Mortgage Market Update

Well, after a week that had basically jobs in mind and then a weekend contemplating the price that many have paid for our freedom, it’s time to take a look at what’s happening in the markets. 

But, before I do, I wanted to share two things that I find special about Fourth of July weekend festivities:

  • We attended a local, “homegrown” Fourth of July parade complete with fire trucks, kids on bikes, etc.   The highlight of the Parade for me was the Veterans who were in the parade.   Some were marching and some were not able to march and were riding on a float.    As they passed by, everyone, even the children, stood and solemnly applauded.  It’s because of them and countless others that we have the freedom we do.
  • As we’re sitting watching the fireworks Saturday night, I couldn’t help think of Francis Scott Key and the Star Spangled Banner.   The sight of the fireworks going off reminds me of what it must have been like to be living during the Revolutionary War when the fireworks weren’t voluntary for “display” but were actual attacks on you and those who you love and your home.

So don’t forget, we’ve got a lot to be thankful for!
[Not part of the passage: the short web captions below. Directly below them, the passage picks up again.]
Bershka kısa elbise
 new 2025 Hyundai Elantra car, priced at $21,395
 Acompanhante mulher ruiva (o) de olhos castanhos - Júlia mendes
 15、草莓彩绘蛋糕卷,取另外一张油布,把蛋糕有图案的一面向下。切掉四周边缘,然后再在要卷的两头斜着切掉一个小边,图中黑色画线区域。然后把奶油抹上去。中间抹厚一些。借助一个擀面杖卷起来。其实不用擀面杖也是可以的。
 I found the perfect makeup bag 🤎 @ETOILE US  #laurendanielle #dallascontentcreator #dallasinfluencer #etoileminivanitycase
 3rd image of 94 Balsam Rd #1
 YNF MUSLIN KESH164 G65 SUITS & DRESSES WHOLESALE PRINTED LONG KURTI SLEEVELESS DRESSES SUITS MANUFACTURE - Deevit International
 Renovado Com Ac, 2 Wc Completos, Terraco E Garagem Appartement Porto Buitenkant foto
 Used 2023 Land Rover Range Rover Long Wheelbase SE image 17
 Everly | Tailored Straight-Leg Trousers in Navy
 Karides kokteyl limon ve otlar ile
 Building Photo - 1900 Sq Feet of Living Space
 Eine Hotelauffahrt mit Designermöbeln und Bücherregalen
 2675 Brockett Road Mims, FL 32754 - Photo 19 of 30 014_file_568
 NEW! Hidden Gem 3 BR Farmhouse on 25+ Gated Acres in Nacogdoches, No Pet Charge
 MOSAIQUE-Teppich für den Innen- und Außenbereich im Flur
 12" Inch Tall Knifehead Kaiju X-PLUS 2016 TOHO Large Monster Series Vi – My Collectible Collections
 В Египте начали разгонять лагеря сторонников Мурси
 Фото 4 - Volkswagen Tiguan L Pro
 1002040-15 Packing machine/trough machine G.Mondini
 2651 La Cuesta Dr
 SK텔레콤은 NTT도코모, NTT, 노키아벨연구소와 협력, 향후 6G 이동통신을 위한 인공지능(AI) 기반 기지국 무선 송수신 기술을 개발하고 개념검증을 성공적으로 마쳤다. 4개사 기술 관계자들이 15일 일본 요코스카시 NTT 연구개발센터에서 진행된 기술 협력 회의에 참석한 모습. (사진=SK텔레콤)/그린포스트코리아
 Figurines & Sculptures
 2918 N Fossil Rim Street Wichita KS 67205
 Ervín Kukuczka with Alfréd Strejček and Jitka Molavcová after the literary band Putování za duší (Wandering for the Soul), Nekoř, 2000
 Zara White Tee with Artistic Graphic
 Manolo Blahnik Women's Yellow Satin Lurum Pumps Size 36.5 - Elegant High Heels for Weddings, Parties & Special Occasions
Now, what’s up in the markets?   A couple of things:

  • The markets seem to have come back from the long holiday weekend with a bit of a “jobs hangover” and are still somewhat negative due to the bad jobs report last week.
  • The ISM (Industrial Supply Management) Index came in this morning and it came in still showing that the manufacturing was contracting but it came in very close to a rating of 50.   What’s so important about 50?   A rating of 50 shows that particular segment of the economy is expanding rather than contracting.  So, while it’s a negative number, it’s less bad than what it has been.
  • Oil prices have been slipping today and are now at 5 week lows.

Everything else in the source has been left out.